* WHAT THIS TASK INVOLVES
Return every record below exactly as given, images excluded.

** DATA FOR PROCESSING follows **

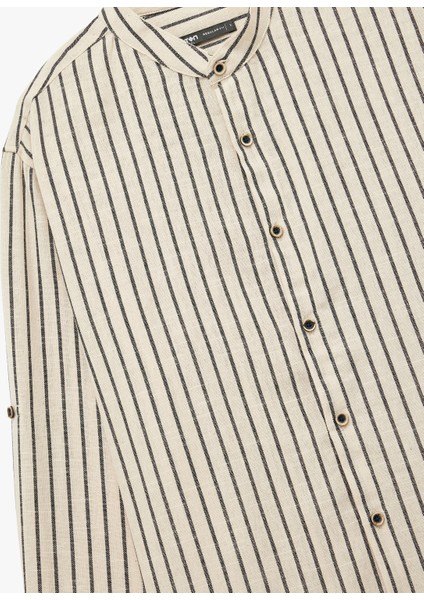 Pamuklu Regular Fit Uzun Kollu Hakim Yaka Gömlek indirimleri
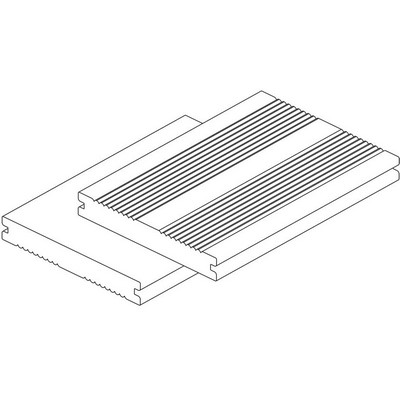 Osmo Terrassendiele Multi-Deck grau 20x140x3000mm Vollprofil franz./glatt
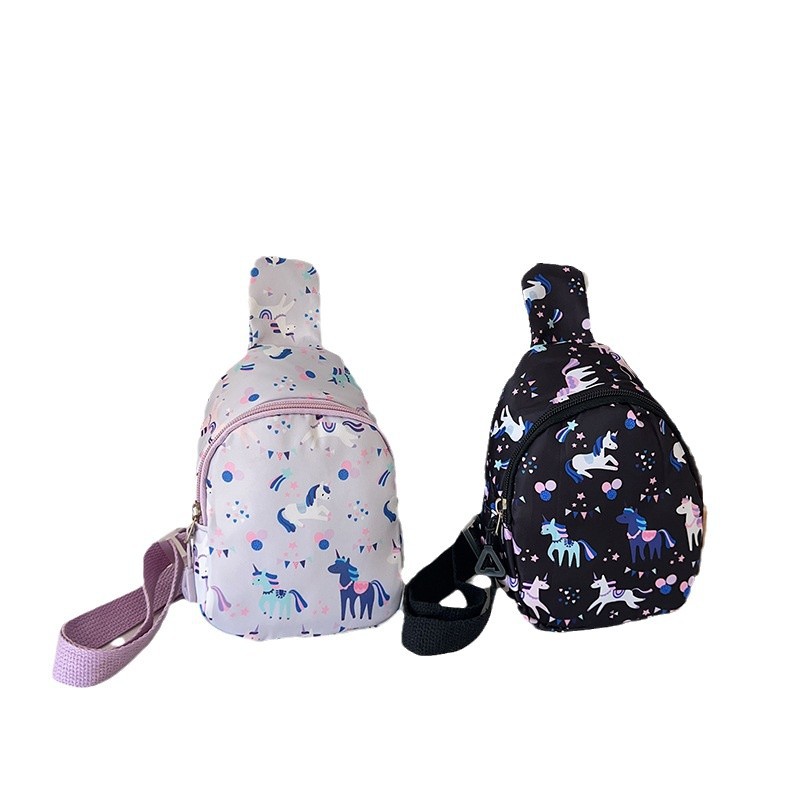 A cool and cute baby's small, light and casual girl's chest bag, a versatile and personalized crossbody bag for shopping Item Picture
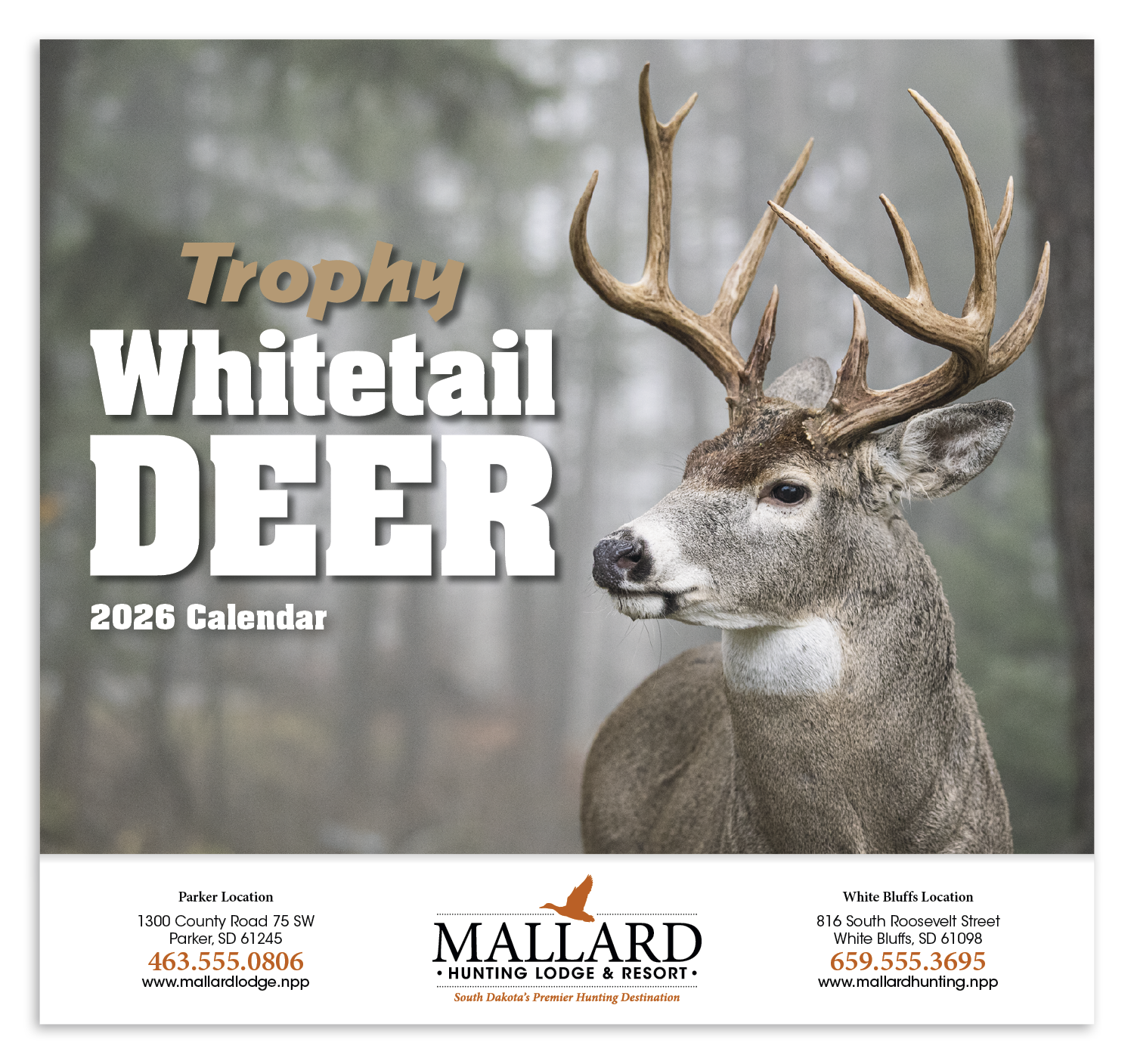 HotLine® Products Trophy Whitetail Deer Appointment Calendar - Stapled 22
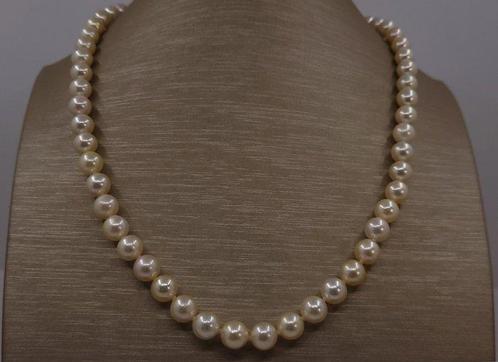 Halsketting ALGT Gecertificeerde Akoya Parels - 7.1x7.4mm, Sieraden, Tassen en Uiterlijk, Kettingen
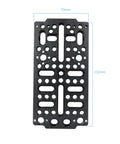 Universal Cheese Plate Cinema Camera Mounting Plate Fits Sony FX3 FX30 BMPCC 6K Pro URSA Mini And DSLRs Version 3 top view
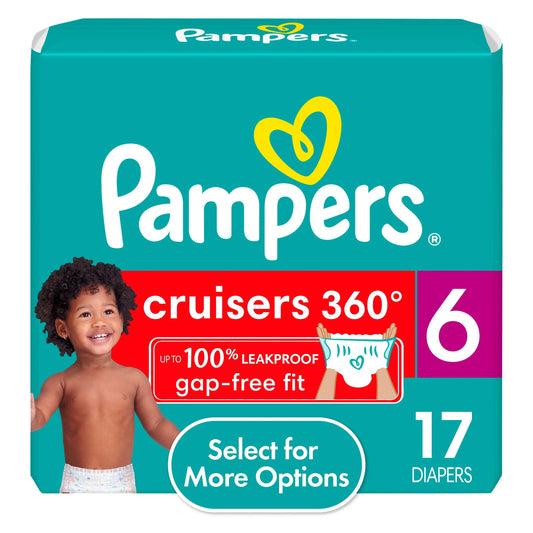 Pampers Cruisers 360 Diapers Size 6, 17 Count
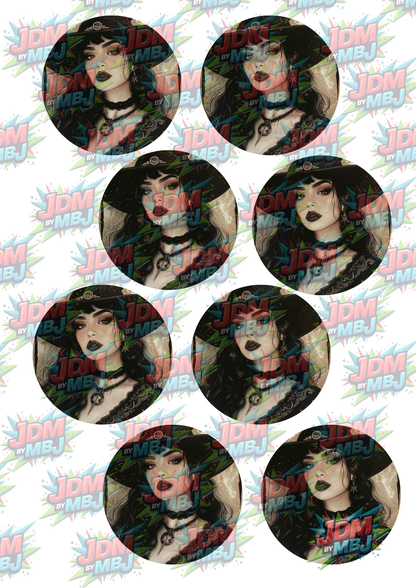 Impresiones de sublimación de posavasos para coche (8 por página)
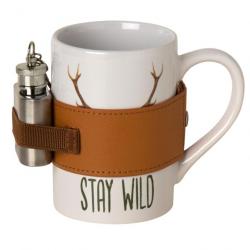 Mug en porcelaine avec Flasque en inox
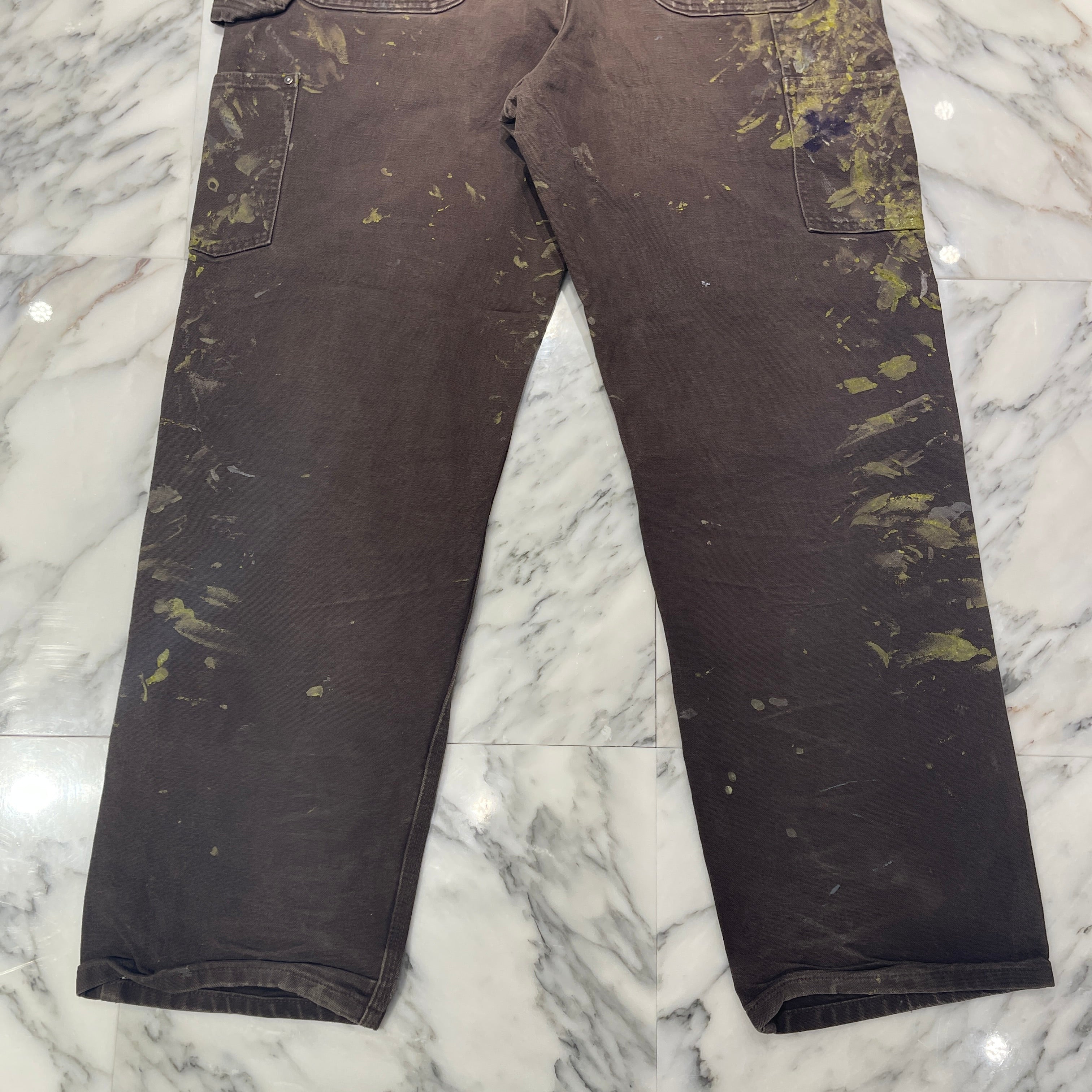 Carhartt Double Knee Denim Painter Pants Size 36×32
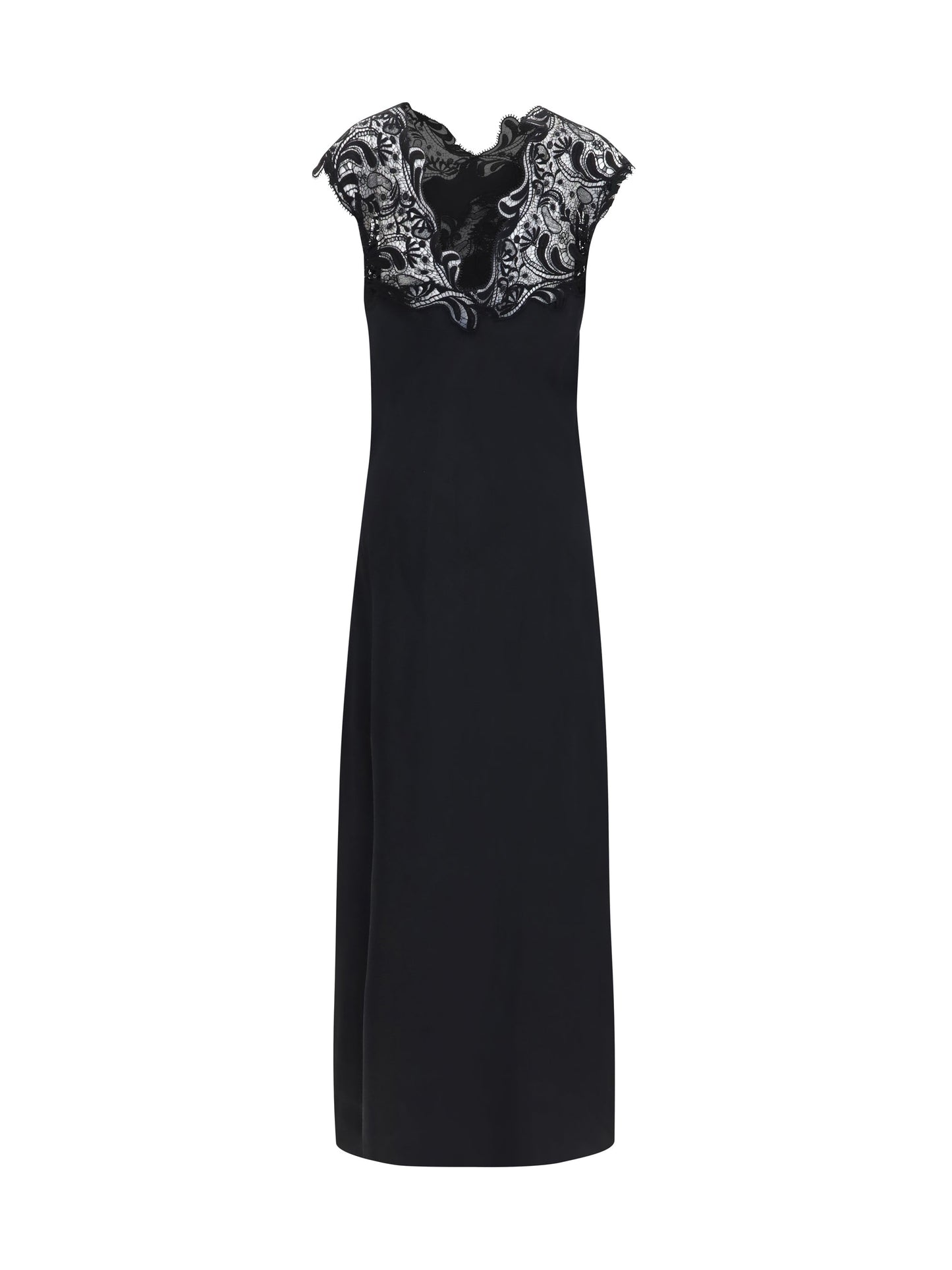 Ferragamo Women Silk Dress With Lace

** End of DATA FOR PROCESSING **

* TASK OUTPUT
 Pamuklu Regular Fit Uzun Kollu Hakim Yaka Gömlek indirimleri
 Osmo Terrassendiele Multi-Deck grau 20x140x3000mm Vollprofil franz./glatt
 A cool and cute baby's small, light and casual girl's chest bag, a versatile and personalized crossbody bag for shopping Item Picture
 HotLine® Products Trophy Whitetail Deer Appointment Calendar - Stapled 22
 Halsketting ALGT Gecertificeerde Akoya Parels - 7.1x7.4mm, Sieraden, Tassen en Uiterlijk, Kettingen
 Universal Cheese Plate Cinema Camera Mounting Plate Fits Sony FX3 FX30 BMPCC 6K Pro URSA Mini And DSLRs Version 3 top view
 Pampers Cruisers 360 Diapers Size 6, 17 Count
 Impresiones de sublimación de posavasos para coche (8 por página)
 Mug en porcelaine avec Flasque en inox
 Carhartt Double Knee Denim Painter Pants Size 36×32
 Ferragamo Women Silk Dress With Lace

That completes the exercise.